В каждом движении этих солдат, согнанных в казармы из Барнаула и Славгорода, даже в подобострастии, даже в пальцах, прилипающих к фуражке при встрече с офицером, — во всем было что-то не подавимое ни дисциплиной, ни экзекуциями (ротный командир по закону, который даже во времена царя Николая II редко применялся, мог всыпать двадцать пять нагаек). С такими вояками нельзя было идти в лес, угрожавший с трех сторон городу скрытой бурей своих зеленых глубин. Поэтому всем понравилась идея Прохорова — организовать роту из воспитанников последних классов местной гимназии. Несколько недель рота маршировала по городу, обучалась стрельбе, бодрила бравурным оркестром кстати и некстати сердца горожан. И пришло время, — это. было вчера, — когда на площади, перед лицом всего города, рота стояла строгая, полная решимости. Когда священник кропил головы святой водой, а матери плакали, причитали, еще выше поднимались головы гимназистов, и каждый думал про себя в третьем лице: «На его смелом лице не дрогнул ни один мускул». После того пришлось идти через толпу, мимо гимназисток, всхлипывающих в фартук. Это было нелегко. Кое-кому из вояк пришлось закусить губу, чтобы удержать' позорный рев. Сыпались цветы, цвели в окнах белые носовые платочки, когда рота проходила мимо толпы и домов.
Первую усталость рота почувствовала уже тогда, когда в четырех километрах от города оркестр расстался с нею. В роте пошла воркотня.

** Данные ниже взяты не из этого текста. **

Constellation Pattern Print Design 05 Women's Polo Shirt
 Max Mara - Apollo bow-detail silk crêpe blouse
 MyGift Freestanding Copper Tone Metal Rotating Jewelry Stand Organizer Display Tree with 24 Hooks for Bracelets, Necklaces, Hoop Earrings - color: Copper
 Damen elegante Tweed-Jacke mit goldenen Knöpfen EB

Разве оркестр не мог бы тоже принять участие в экспедиции? Было бы хорошо. С музыкой — в бой. Умереть с музыкой, как герои, — прекрасно! Что за бой без музыки?
Но Прохоров строго прикрикнул на ворчавших, высмеял их, назвал гимназистами. Он был не в духе. Голова начала болеть еще на площади — по нему никто не плакал, платочком ему никто не махал.
Фельдфебель Никандров —- единственный взрослый в роте — пытался успокоить огорченных мальчиков.
— Оркестр — это ведь пустяки. Песни надо петь. С песнями и смерть мила.
И сразу затянул солдатскую песню, веселую, залихватскую, бесшабашную,— такую, что рот разевается до ушей, фуражка беззаботно сползает на затылок. Допев до половины, оборвал.
— Почему не подтягиваете?
Оказалось, что никто этой песни не знал.
— Ну, а не знаете ли такую? Тоже нет? А какую?
Желтая, как зрелая пшеница, борода Никандрова от
удивления вытянулась: общей, всем знакомой песни не нашлось.
— Ну, пойте тогда какую знаете.
Гимназисты начали петь. Но песня была нескладная, шаги не попадали в ритм. Никандров сердито плюнул:
— Ишь ты, нашлись солдаты!..
Никандров был солдатом с головы до пят. Служить он начал уже с конца японской войны, дослужился до ефрейтора. За мировую войну всю грудь увешал крестами и медалями.
— Ваше благородие, — доложил в первый вечер Никандров, — с такими солдатами далеко не уйдем.
— Ты думаешь?
— Так точно.
Прохоров смотрел на Никандрова, сжимал ноющий лоб и думал, что хорошо Никандрову так вот говорить, бегать, дуться...
— Ничего, старина! Привыкнут. Это в первый день только так. Завтра будет лучше.
Никандров еще что-то ему говорил, но Прохоров развалился на мху, не слушал, смотрел куда-то поверх верхушек деревьев.